2 Nosso principal campo de atuação profissional.
 3 Art. 464. A prova pericial consiste em exame, vistoria ou avaliação.
§ 2º De ofício ou a requerimento das partes, o juiz poderá, em substituição à perícia, determinar a produção de prova técnica simplificada, quando o ponto controvertido for de menor complexidade.
§ 3º A prova técnica simplificada consistirá apenas na inquirição de especialista, pelo juiz, sobre ponto controvertido da causa que demande especial conhecimento científico ou técnico. § 4o Durante a arguição, o especialista, que deverá ter formação acadêmica específica na área objeto de seu depoimento, poderá valer-se de qualquer recurso tecnológico de transmissão de sons e imagens com o fim de esclarecer os pontos controvertidos da causa.
4 A sistemática faz lembrar a previsão do artigo 35 da Lei 9.099/95 (Lei dos Juizados Especiais): quando a prova do fato exigir, o juiz poderá inquirir técnicos de sua confiança, permitida às partes a apresentação de parecer técnico.
5 BODART, Bruno Vinícius da Rós. Ensaio sobre a prova pericial no Código de Processo Civil de 2015. In: ALVIM, Teresa Arruda; DIDIER JR., Fredie (orgs.). Doutrinas Essenciais – Novo Processo Civil. v. IV. 2ª ed. São Paulo: Revista dos Tribunais, 2018, p. 909. Entendemos que o especialista também pode responder, por escrito, aos questionamentos que lhe forem submetidos.
6 LUCON, Paulo Henrique dos Santos. Prova pericial no CPC/2015. In: ALVIM, Teresa Arruda; DIDIER JR., Fredie (orgs.). Doutrinas Essenciais – Novo Processo Civil. v. IV. 2ª ed. São Paulo: Revista dos Tribunais, 2018, p. 1.008.
7 AVELINO, Murilo Teixeira. O juiz e a prova pericial no Código de Processo Civil. In: ALVIM, Teresa Arruda; DIDIER JR., Fredie (orgs.). Doutrinas Essenciais – Novo Processo Civil. v. IV. 2ª ed. São Paulo: Revista dos Tribunais, 2018, p. 992.
8 DIDIER JR., Fredie. Curso de Direito Processual Civil: teoria da prova, direito probatório, ações probatórias, decisão, precedente, coisa julgada e antecipação dos efeitos da tutela. v. 2, 11. ed. Salvador: JusPodivm, 2016, p. 294. Como explica o doutrinador, cabe a perícia simplificada “quando a constatação do fato for simples (ou de menor complexidade) e, não, quando o fato assim se revela. Isso ocorre, basicamente, em duas hipóteses: i) o especialista presenciou fato, cuja percepção técnica e demonstração são simples, ii) o especialista não presenciou o fato, mas seu depoimento é o bastante para explicá-lo e interpretá-lo em termos técnicos. Nestes casos, o juiz, de oficio ou a requerimento, poderá substituir a perícia formal por essa perícia informal e simplificada”.

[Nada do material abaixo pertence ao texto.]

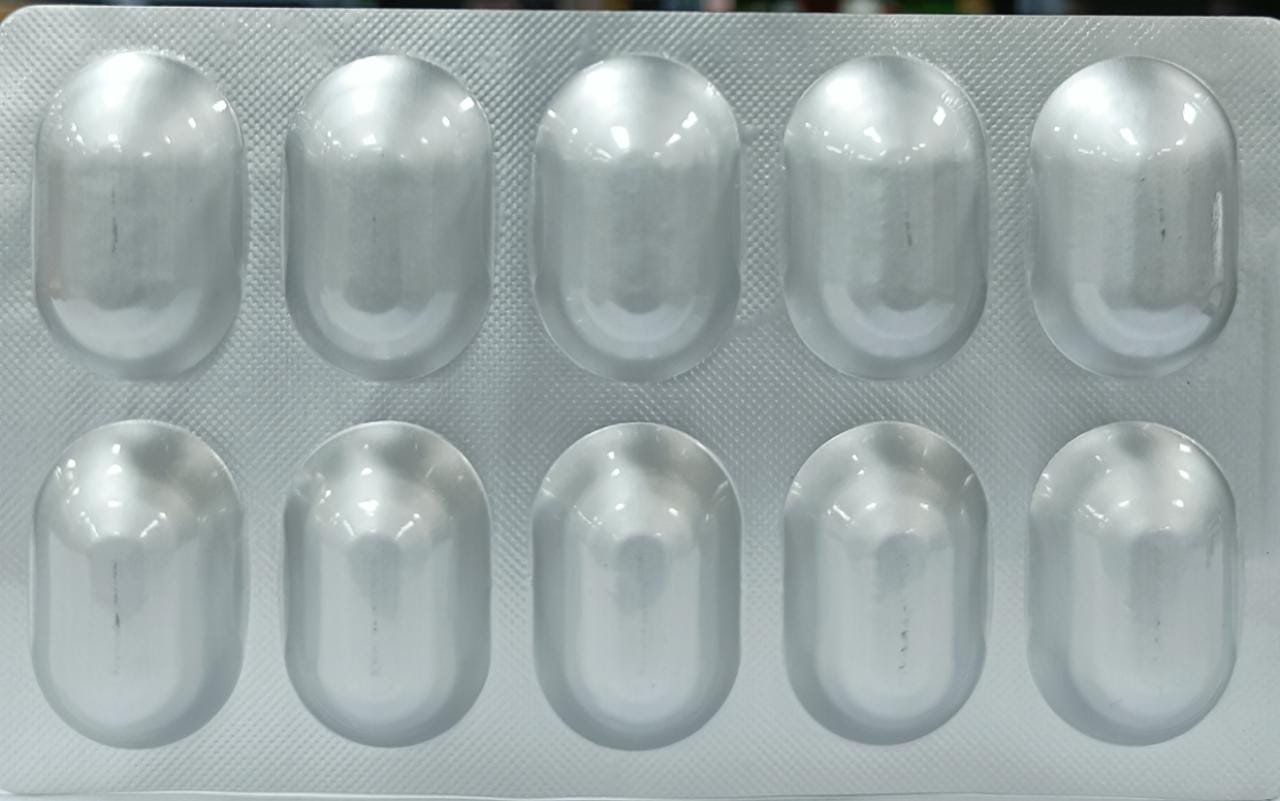 Mylitrans Capsule 10's, Pack of 10 CAPSULES Mylitrans Capsule 10's, Pack of 10 CAPSULES
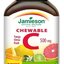 JAMIESON VITAMÍN C 500 mg citrusové ovocie tbl na cmúľanie, 100+20 zadarmo (120 ks) obrázok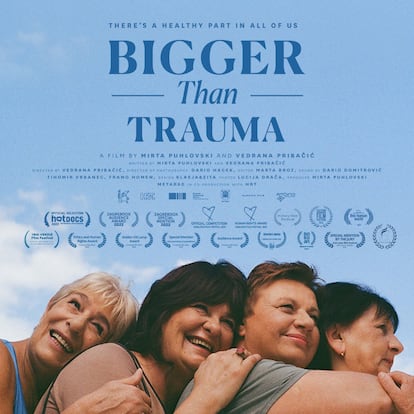 Bigger than trauma documental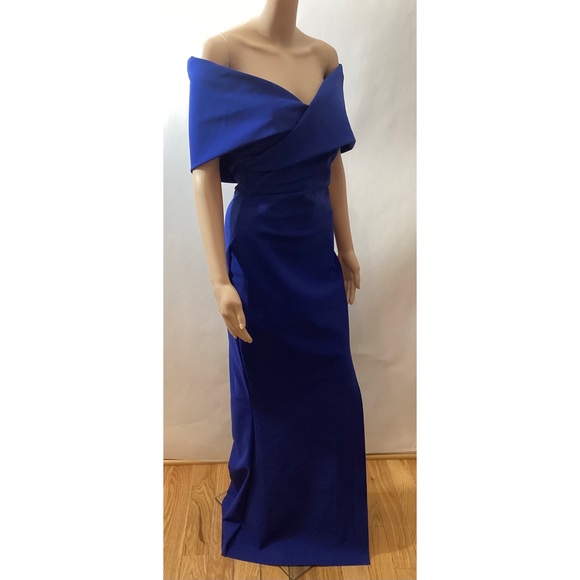 CHIARA BONI BENJE GOWN - Picture 4 of 7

9 DIDIER JR., Fredie; CUNHA, Leonardo Carneiro da. Curso de Direito Processo Civil: meios de impugnação às decisões judiciais e processo nos tribunais. v. 3. 13 ed. Salvador: JusPodivm, p. 46-48.
10 Cite, por exemplo, a conversão do feito em diligência no próprio tribunal (artigo 938, parágrafo 3º, do CPC). Registre-se que, em razão de sua localização topográfica (no capítulo “Da ordem dos processos no tribunal”), não há razão, a princípio, para restringir a sua incidência apenas ao recurso de apelação cível.
11 Sobre o dever de comprometimento do julgador, ver o nosso MAZZOLA, Marcelo. Tutela Jurisdicional Colaborativa: a cooperação como fundamento autônomo de impugnação. Curitiba: CRV, 2017.
12 Quando, então, o perito fará uma análise completa das questões técnicas e poderá reexaminar o ponto já elucidado, inclusive à luz de novos elementos. Vale registrar que caberá ao juiz, quando do julgamento do mérito, examinar a integralidade da prova técnica. Na prática, ocorre apenas o diferimento da cognoscibilidade do juiz quanto à questão técnica, o que afasta eventual alegação de supressão de instância.